- WHAT THE TASK REQUIRES -
Could you repeat the records below exactly, leaving out any pictures?

- MATERIAL FOR THIS TASK -

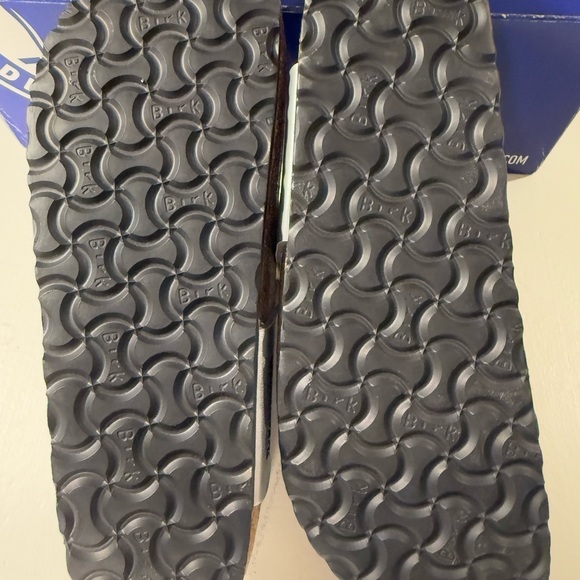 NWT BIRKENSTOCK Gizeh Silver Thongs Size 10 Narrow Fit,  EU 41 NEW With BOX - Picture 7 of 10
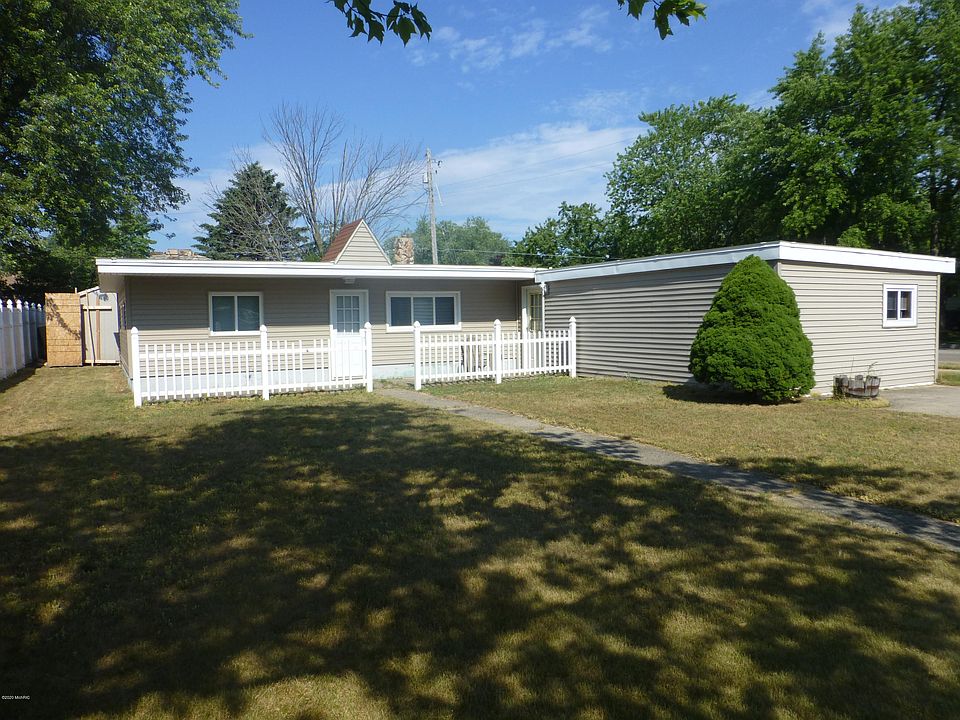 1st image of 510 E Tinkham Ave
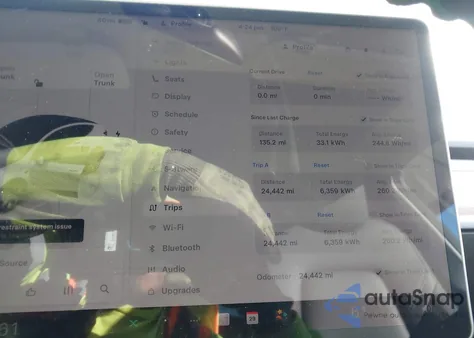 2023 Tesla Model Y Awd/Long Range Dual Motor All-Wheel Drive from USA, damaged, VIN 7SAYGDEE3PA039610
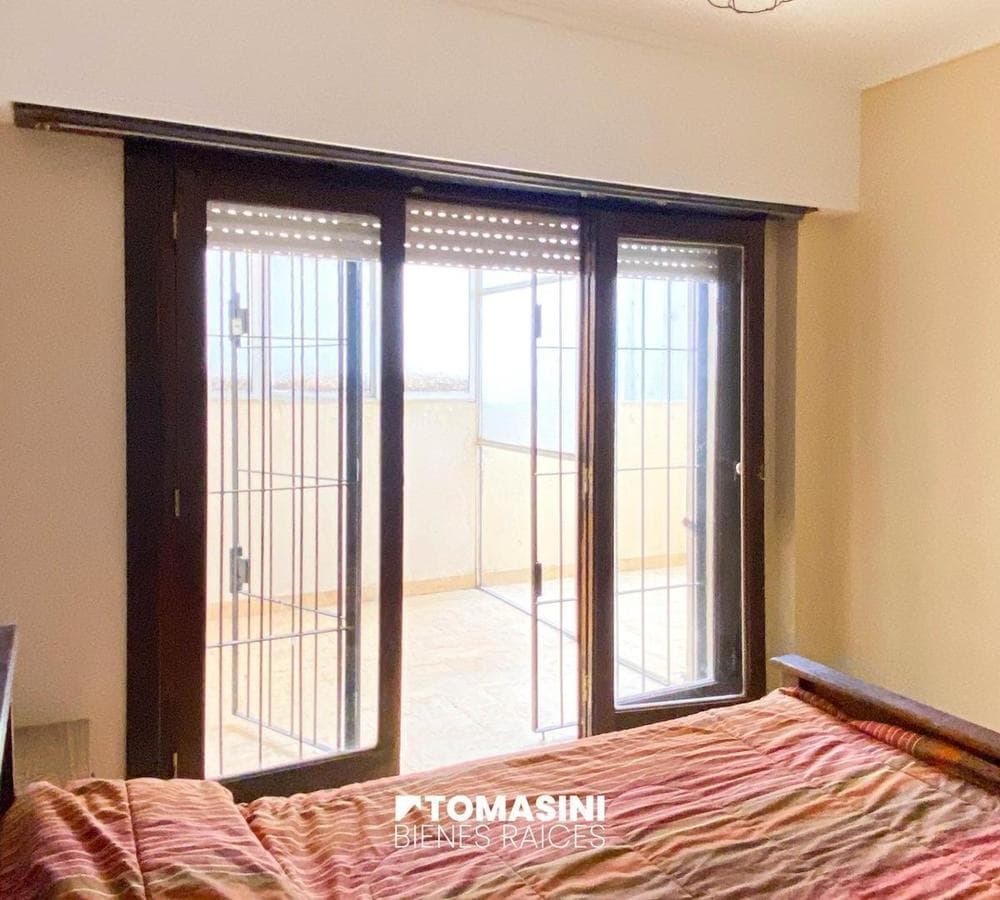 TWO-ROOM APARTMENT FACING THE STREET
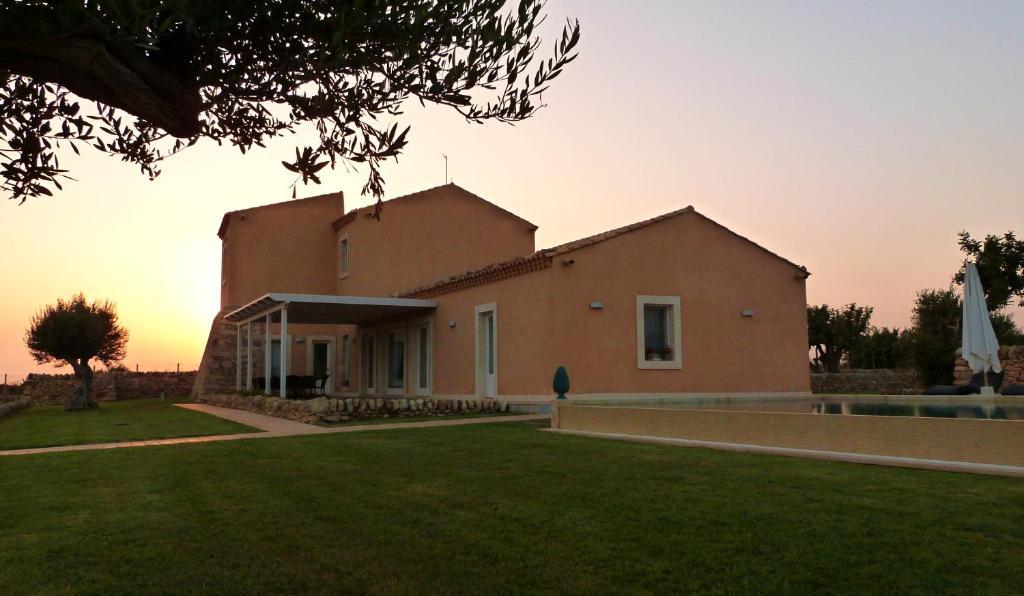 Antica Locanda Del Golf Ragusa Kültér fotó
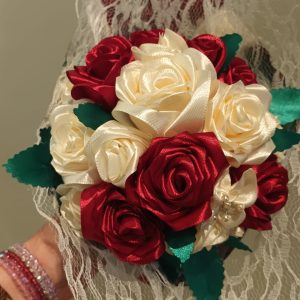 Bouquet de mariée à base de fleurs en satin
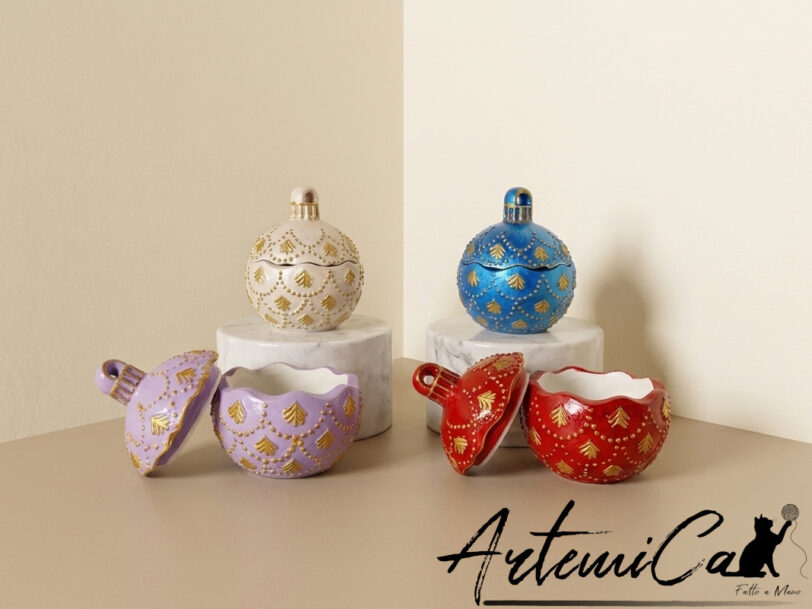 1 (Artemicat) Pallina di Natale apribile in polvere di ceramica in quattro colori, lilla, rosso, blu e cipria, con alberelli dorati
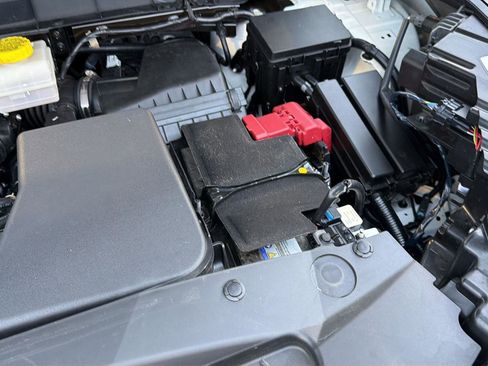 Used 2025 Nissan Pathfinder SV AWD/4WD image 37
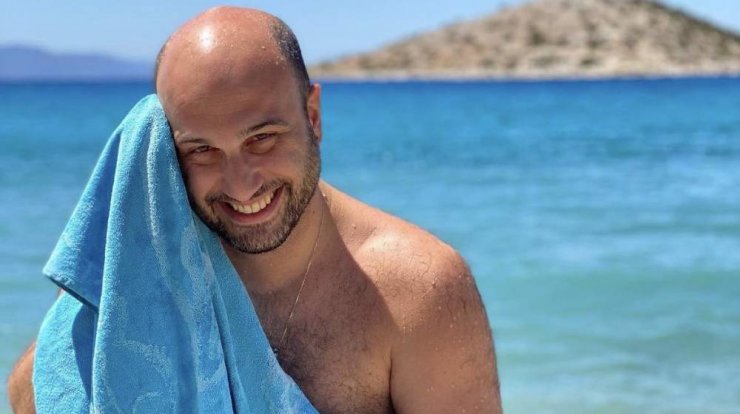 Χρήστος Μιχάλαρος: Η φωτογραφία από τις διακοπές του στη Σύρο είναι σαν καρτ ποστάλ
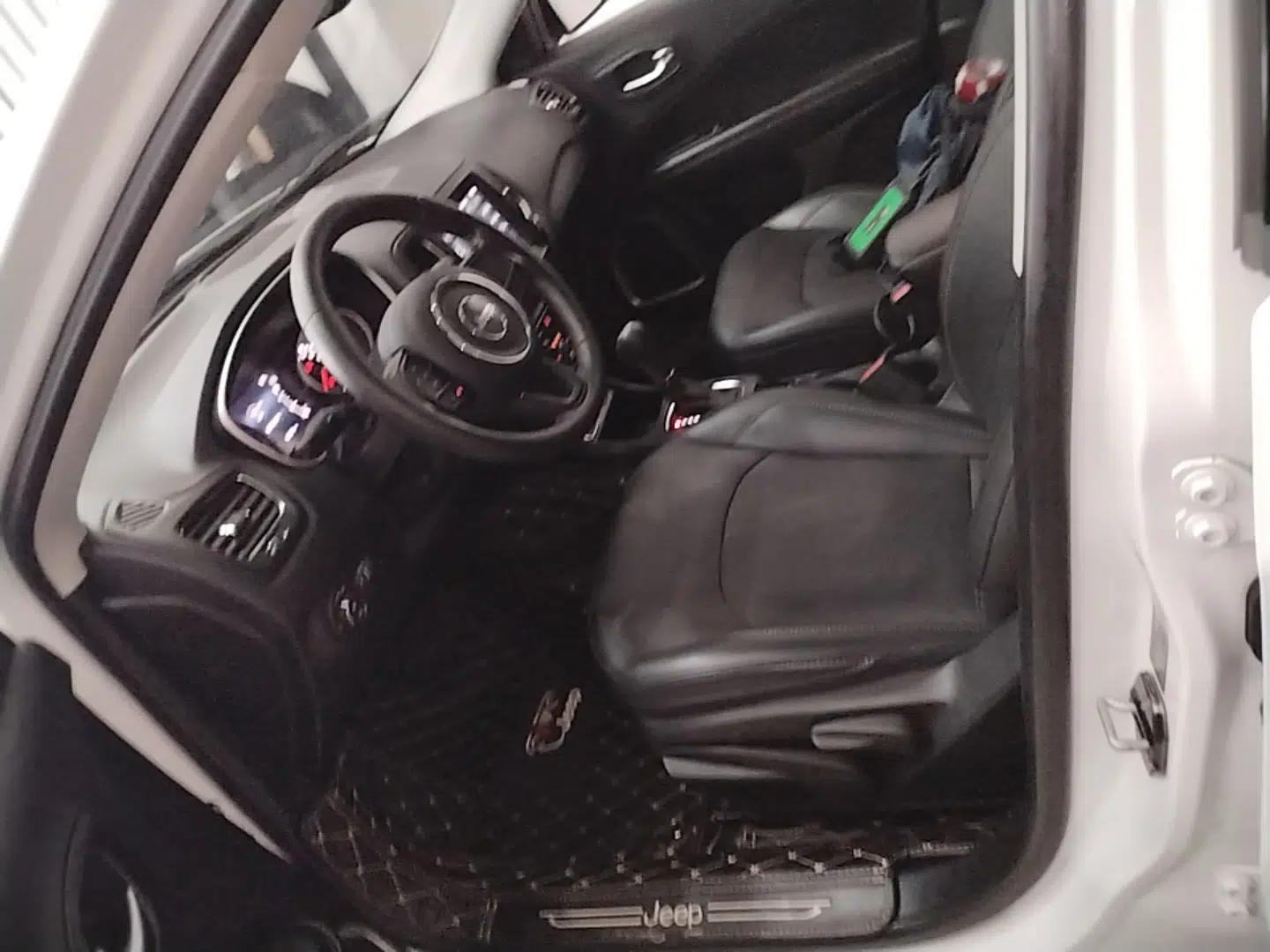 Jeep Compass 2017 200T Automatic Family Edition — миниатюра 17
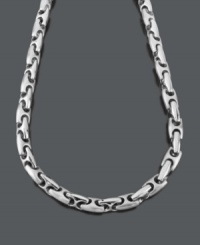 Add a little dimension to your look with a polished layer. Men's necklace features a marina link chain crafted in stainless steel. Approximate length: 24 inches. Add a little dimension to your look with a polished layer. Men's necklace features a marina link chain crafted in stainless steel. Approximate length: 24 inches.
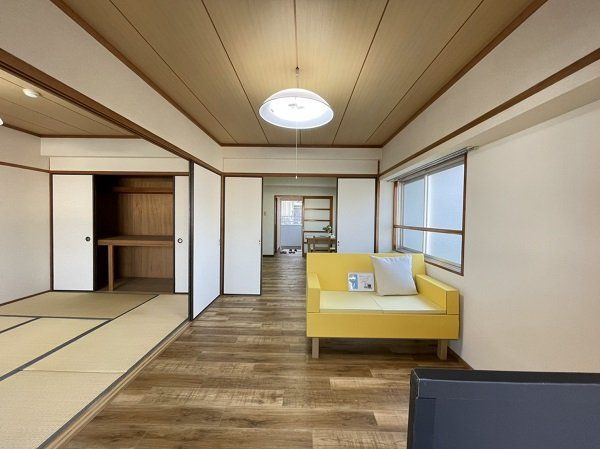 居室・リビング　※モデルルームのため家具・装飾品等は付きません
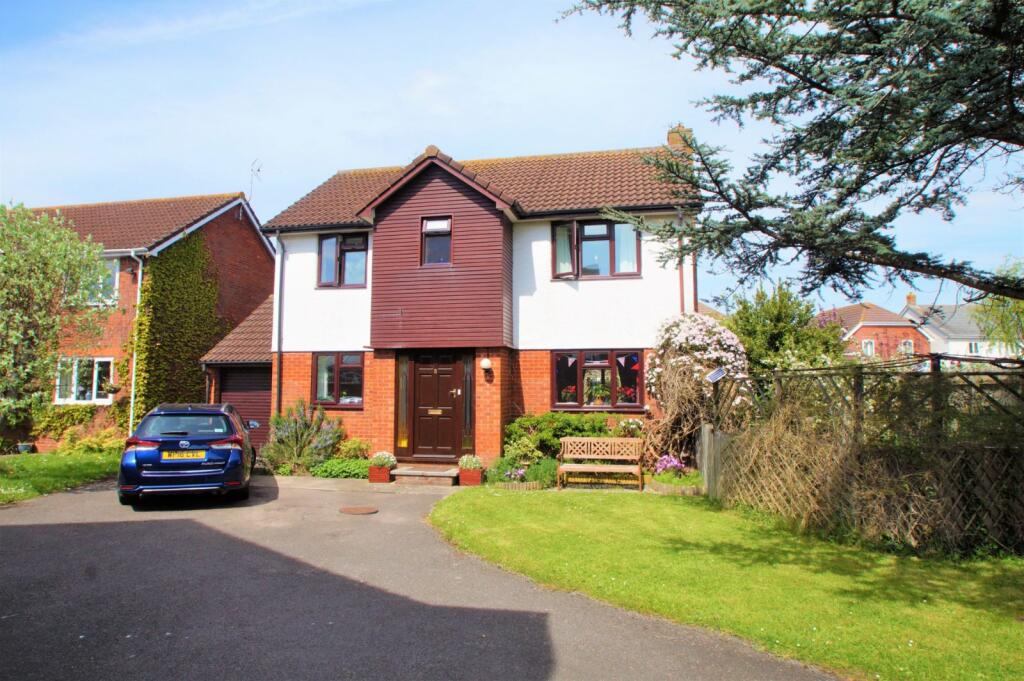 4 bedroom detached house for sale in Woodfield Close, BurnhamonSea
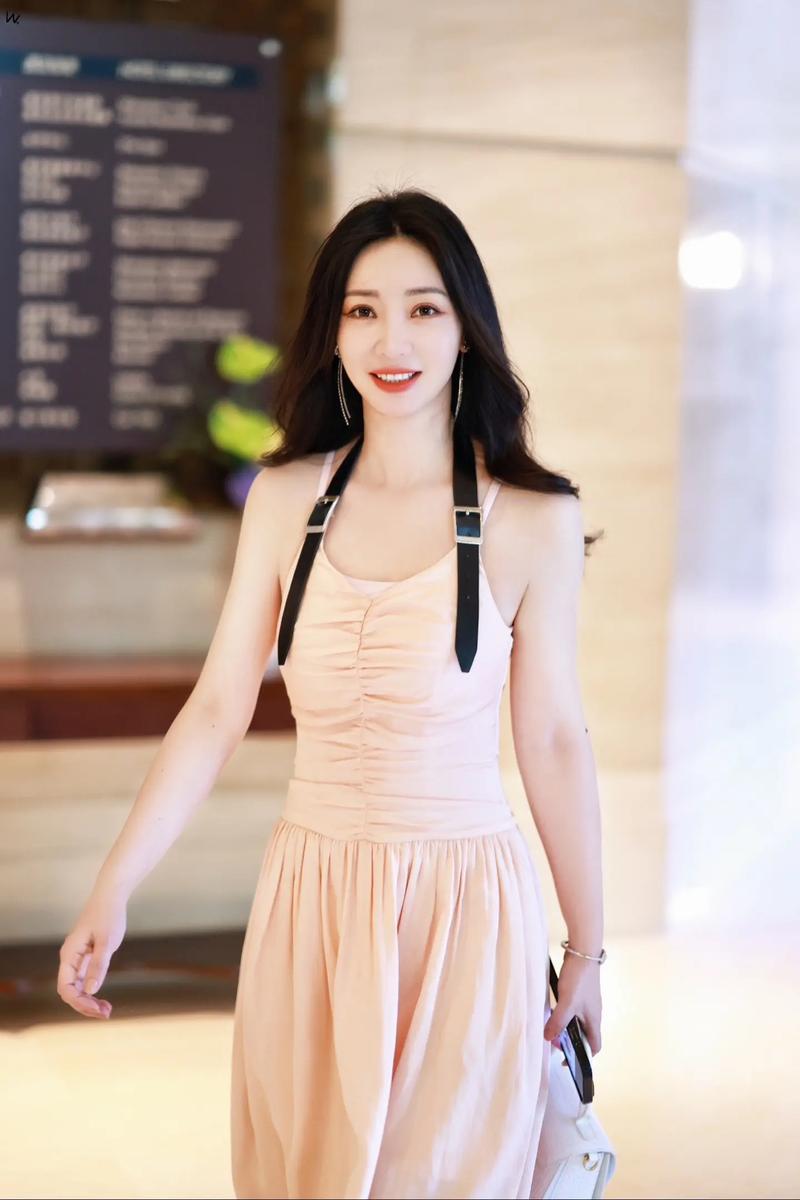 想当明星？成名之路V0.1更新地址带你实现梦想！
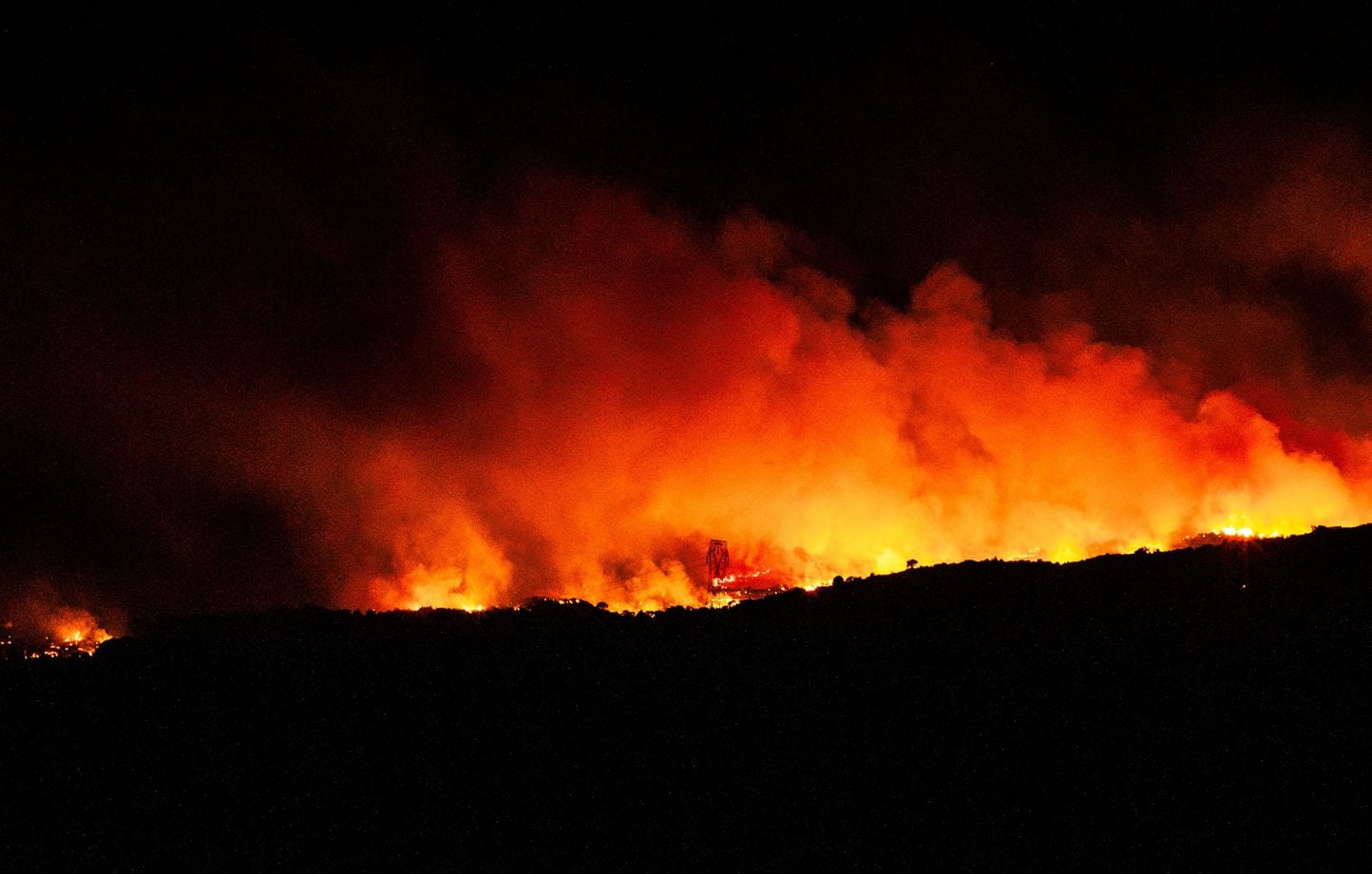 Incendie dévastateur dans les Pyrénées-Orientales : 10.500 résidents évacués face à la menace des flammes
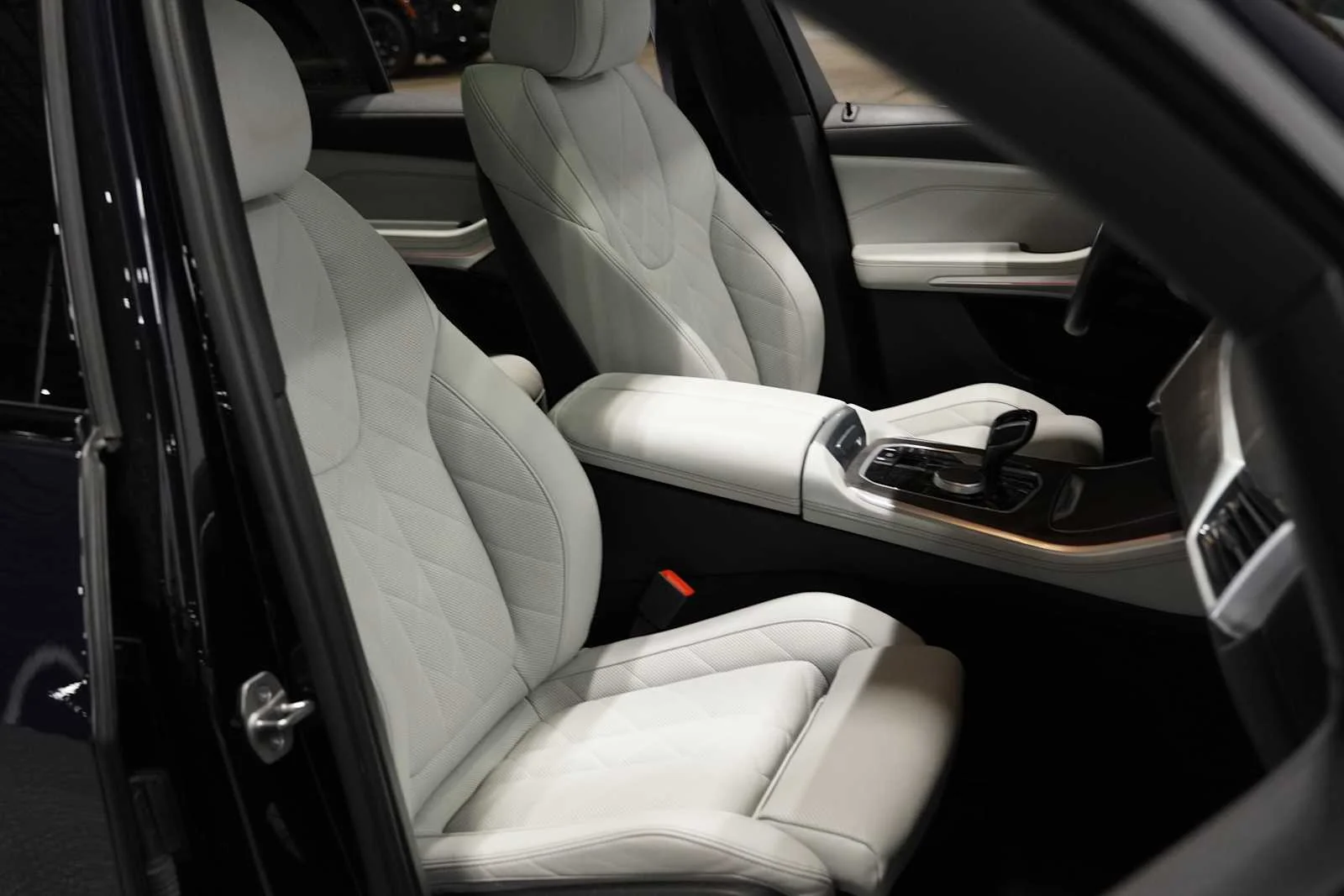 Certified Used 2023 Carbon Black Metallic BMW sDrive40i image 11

- REPLY TO THE TASK -
 NWT BIRKENSTOCK Gizeh Silver Thongs Size 10 Narrow Fit,  EU 41 NEW With BOX - Picture 7 of 10
 1st image of 510 E Tinkham Ave
 2023 Tesla Model Y Awd/Long Range Dual Motor All-Wheel Drive from USA, damaged, VIN 7SAYGDEE3PA039610
 TWO-ROOM APARTMENT FACING THE STREET
 Antica Locanda Del Golf Ragusa Kültér fotó
 Bouquet de mariée à base de fleurs en satin
 1 (Artemicat) Pallina di Natale apribile in polvere di ceramica in quattro colori, lilla, rosso, blu e cipria, con alberelli dorati
 Used 2025 Nissan Pathfinder SV AWD/4WD image 37
 Χρήστος Μιχάλαρος: Η φωτογραφία από τις διακοπές του στη Σύρο είναι σαν καρτ ποστάλ
 Jeep Compass 2017 200T Automatic Family Edition — миниатюра 17
 Add a little dimension to your look with a polished layer. Men's necklace features a marina link chain crafted in stainless steel. Approximate length: 24 inches. Add a little dimension to your look with a polished layer. Men's necklace features a marina link chain crafted in stainless steel. Approximate length: 24 inches.
 居室・リビング　※モデルルームのため家具・装飾品等は付きません
 4 bedroom detached house for sale in Woodfield Close, BurnhamonSea
 想当明星？成名之路V0.1更新地址带你实现梦想！
 Incendie dévastateur dans les Pyrénées-Orientales : 10.500 résidents évacués face à la menace des flammes
 Certified Used 2023 Carbon Black Metallic BMW sDrive40i image 11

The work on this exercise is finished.